В контексте военных приготовлений и сложных аристократических взаимоотношений я вдруг обнаружил, казалось бы, совершенно неуместное упоминание об ушедшей молодости, и оно показалось мне удивительным и прекрасным (хотя немного комичным). После этой фразы я с головой окунулся в роман. На целых две страницы я буквально утонул в нем. Потом зазвонил мой телефон. Кратковременное уединение и счастье, которое оно мне принесло, испарились. Мне хотелось читать дальше, но я остановился. Я знаю, что отвлечения бесплодны, но не могу от них отказаться.
* * *
Люди — не единственные на свете живые существа, подверженные бестолковому и иррациональному поведению. Возможно, нам будет легче оценить всю произвольность нашего поведения, если мы сначала посмотрим на представителей другого биологического вида. Представьте себе колюшку с ее тремя шипами. Колюшка — это придонная рыба длиной около пяти сантиметров, обитающая в морях северного полушария. С конца апреля до июля колюшка спаривается на мелководье, и в это время самцы, как это обычно бывает, проявляют повышенную агрессивность. Во время брачного сезона у самцов появляется красный воротник, в красный цвет окрашивается и брюшко. Красная окраска — результат отложения в коже каротиноидов, употребленных самцами в пищу. Следовательно, самый красный значит самый удачливый добытчик, он и привлечет больше самок. Кроме того, самый красный ведет себя наиболее агрессивно по отношению к соперникам. Этнолог, лауреат Нобелевской премии Нико Тинберген обнаружил, однако, что самцы колюшки на самом деле атакуют любой предмет красного цвета. (Положите красный мяч на место спаривания колюшек, и самцы просто обезумеют.) То есть самцы реагируют на цвет, а не на рыб. Нейронная сеть в головном мозге самца запускается этим стимулом — красным цветом, вызывающим инстинктивную агрессию.
Мне стало интересно: а что для меня является таким красным цветом? Какой стимул вопреки моему желанию отвлекает мое внимание? Какими моими внутренними склонностями пользуется технология, чтобы отвлечь меня от желания усовершенствовать собственное я? Можно ли назвать эти действия фиксированными, или я все же могу их изменить?

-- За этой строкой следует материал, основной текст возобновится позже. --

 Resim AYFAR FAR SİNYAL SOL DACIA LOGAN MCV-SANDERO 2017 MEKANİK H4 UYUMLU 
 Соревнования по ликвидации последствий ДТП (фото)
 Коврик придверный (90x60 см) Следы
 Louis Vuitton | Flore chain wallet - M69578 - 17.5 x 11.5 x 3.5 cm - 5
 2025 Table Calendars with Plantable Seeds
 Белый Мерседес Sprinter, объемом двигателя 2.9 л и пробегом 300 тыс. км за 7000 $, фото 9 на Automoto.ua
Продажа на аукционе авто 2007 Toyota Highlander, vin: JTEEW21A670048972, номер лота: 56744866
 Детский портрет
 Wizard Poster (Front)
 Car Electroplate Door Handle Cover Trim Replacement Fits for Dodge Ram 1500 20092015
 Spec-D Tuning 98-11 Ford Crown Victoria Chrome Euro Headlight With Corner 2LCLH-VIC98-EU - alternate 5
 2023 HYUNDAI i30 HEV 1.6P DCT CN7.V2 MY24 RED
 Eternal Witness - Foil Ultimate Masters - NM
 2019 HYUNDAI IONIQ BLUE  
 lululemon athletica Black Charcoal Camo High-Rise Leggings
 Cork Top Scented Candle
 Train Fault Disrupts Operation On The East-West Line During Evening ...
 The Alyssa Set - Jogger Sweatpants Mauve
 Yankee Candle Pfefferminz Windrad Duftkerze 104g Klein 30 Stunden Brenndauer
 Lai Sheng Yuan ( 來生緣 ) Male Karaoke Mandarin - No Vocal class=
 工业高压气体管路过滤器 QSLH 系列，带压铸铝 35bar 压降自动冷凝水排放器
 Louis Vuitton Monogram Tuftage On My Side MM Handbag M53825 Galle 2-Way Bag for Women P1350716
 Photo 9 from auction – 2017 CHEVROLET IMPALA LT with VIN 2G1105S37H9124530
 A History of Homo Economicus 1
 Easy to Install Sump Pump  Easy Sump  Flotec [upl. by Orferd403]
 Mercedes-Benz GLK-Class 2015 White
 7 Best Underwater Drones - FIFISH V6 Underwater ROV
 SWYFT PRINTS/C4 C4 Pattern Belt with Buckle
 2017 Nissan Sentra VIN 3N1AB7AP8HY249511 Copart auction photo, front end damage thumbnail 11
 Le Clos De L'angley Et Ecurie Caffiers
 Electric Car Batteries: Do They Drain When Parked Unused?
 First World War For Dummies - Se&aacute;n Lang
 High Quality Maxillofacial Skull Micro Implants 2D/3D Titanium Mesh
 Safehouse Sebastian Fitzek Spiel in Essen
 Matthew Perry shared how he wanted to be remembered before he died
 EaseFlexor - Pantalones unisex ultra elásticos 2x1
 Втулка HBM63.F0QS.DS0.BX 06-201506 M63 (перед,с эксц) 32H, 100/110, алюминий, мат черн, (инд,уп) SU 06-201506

В дикой природе некоторые виды способны извлекать выгоду из предопределенных инстинктивных действий особей других видов. Например, кукушка откладывает яйца в гнезда птиц других видов, и вылупившиеся птенцы кормятся за счет родительского инстинкта «приемных родителей». Возможно, наши самые успешные технологии достигли такого высокого уровня, что стали способны эксплуатировать инстинктивные паттерны нашего поведения? Вечно мигающий бесформенный дисплей интернета — это же мечта ориентировочного рефлекса.